- [Try it]: From the listing below, reproduce exactly the lines starting with the one with "Roxy Girls Beach Classic SS Rashie" and going on through the one with "Day 2 of trying", both ends kept. No picture is copied.

- [Material provided]:
━━━━━━━━━━━━━━━━

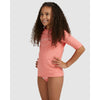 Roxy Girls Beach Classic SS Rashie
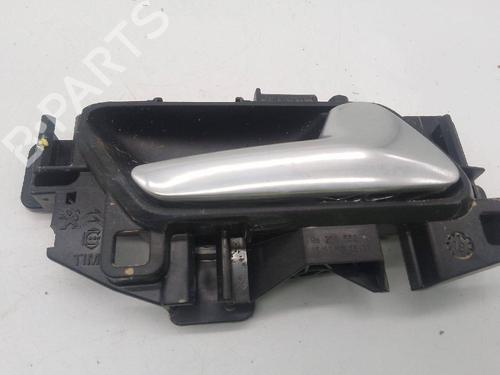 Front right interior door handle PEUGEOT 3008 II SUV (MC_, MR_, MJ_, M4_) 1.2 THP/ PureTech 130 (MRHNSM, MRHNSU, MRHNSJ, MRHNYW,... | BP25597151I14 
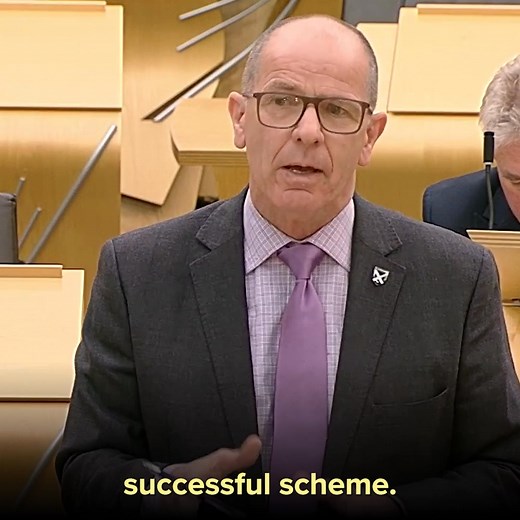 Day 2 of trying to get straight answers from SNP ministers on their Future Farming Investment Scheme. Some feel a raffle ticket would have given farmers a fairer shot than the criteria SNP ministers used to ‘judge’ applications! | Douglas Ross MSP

━━━━━━━━━━━━━━━━

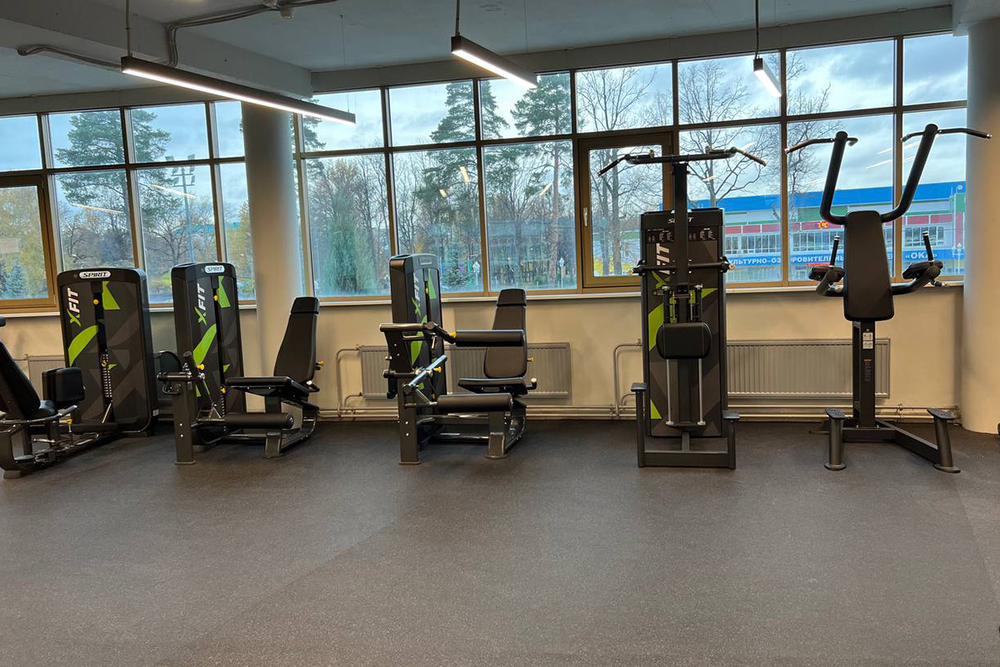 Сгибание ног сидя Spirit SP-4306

━━━━━━━━━━━━━━━━

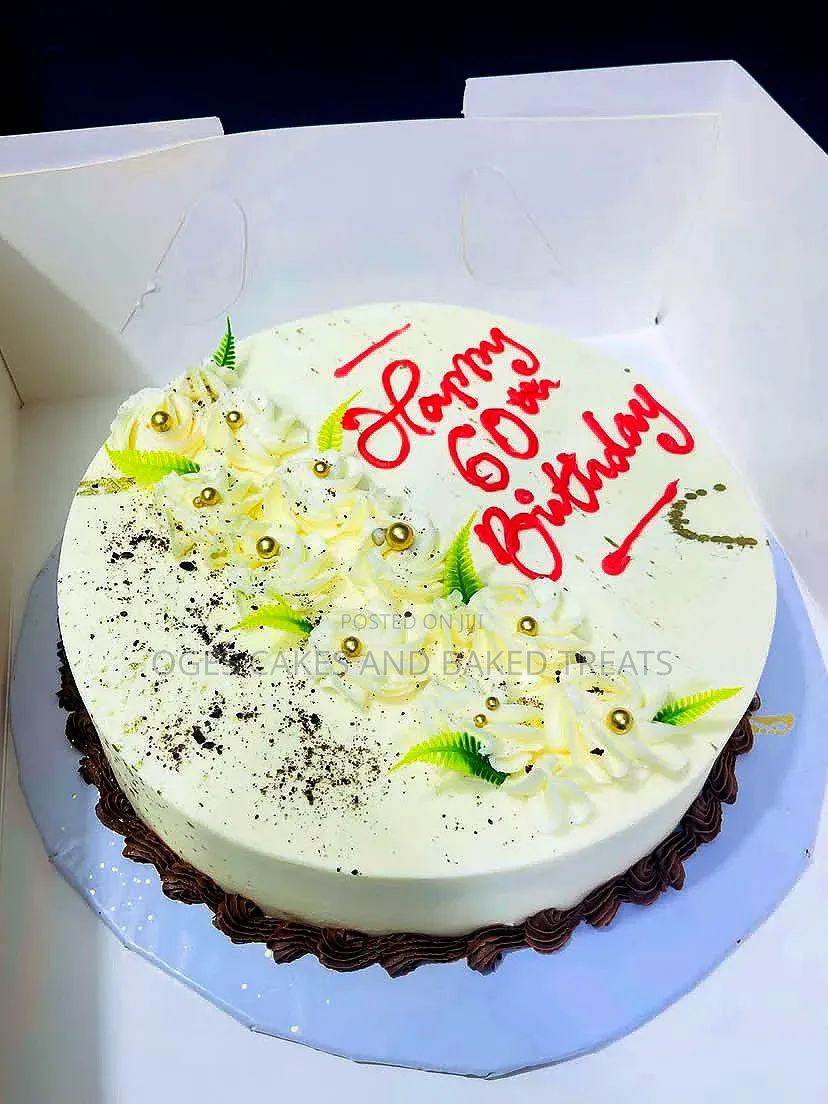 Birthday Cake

━━━━━━━━━━━━━━━━

- [Exercise response]:
 Roxy Girls Beach Classic SS Rashie
 Front right interior door handle PEUGEOT 3008 II SUV (MC_, MR_, MJ_, M4_) 1.2 THP/ PureTech 130 (MRHNSM, MRHNSU, MRHNSJ, MRHNYW,... | BP25597151I14 
 Day 2 of trying to get straight answers from SNP ministers on their Future Farming Investment Scheme. Some feel a raffle ticket would have given farmers a fairer shot than the criteria SNP ministers used to ‘judge’ applications! | Douglas Ross MSP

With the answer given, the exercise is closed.